• _ACTIVITY_: Please transcribe exactly the lines from the line holding "New 2026 Volkswagen Taos SE image 14" through the end of the data below, and skip any pictures.

Collection entries
+--

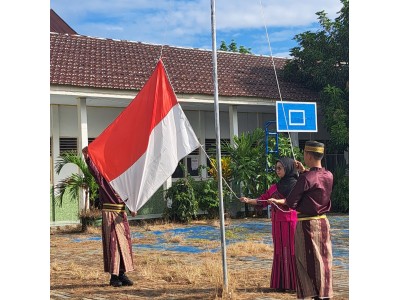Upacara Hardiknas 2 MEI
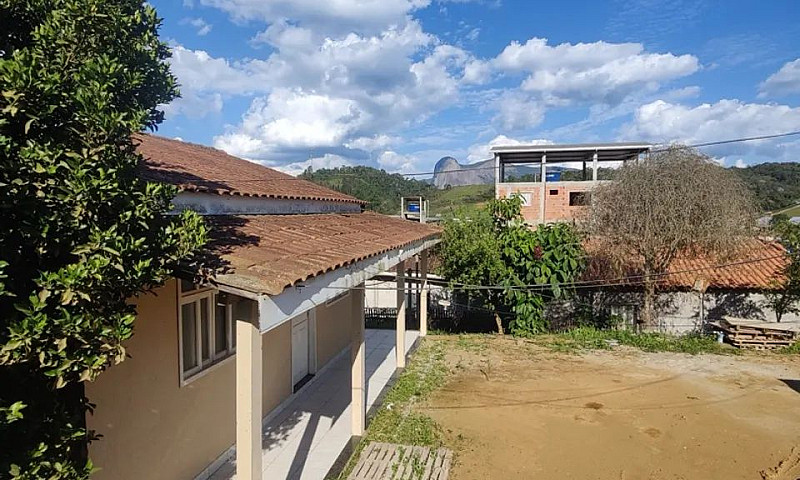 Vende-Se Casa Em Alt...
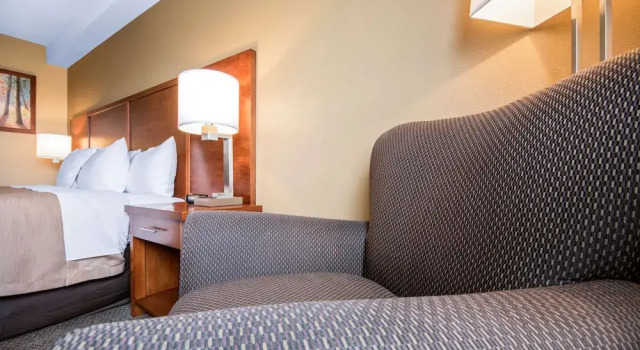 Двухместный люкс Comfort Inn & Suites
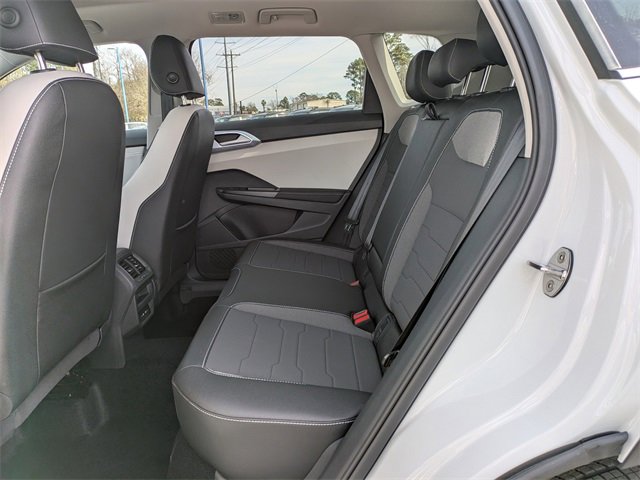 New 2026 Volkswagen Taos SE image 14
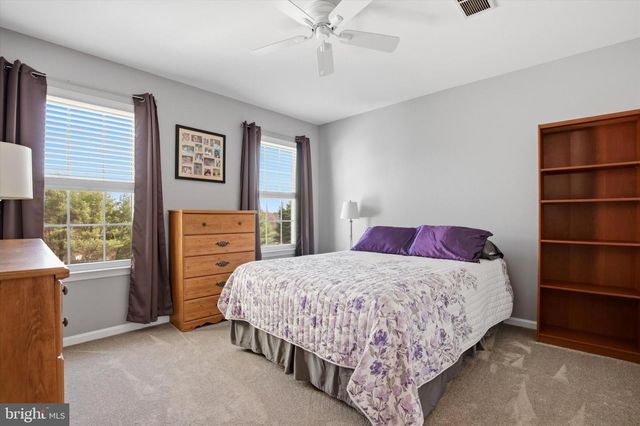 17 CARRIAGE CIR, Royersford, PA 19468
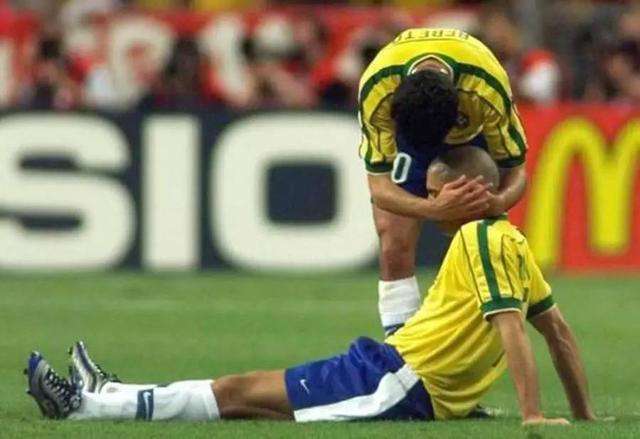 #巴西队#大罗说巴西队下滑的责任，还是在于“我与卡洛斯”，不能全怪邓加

+--

• _RESPONSE AREA_:
 New 2026 Volkswagen Taos SE image 14
 17 CARRIAGE CIR, Royersford, PA 19468
 #巴西队#大罗说巴西队下滑的责任，还是在于“我与卡洛斯”，不能全怪邓加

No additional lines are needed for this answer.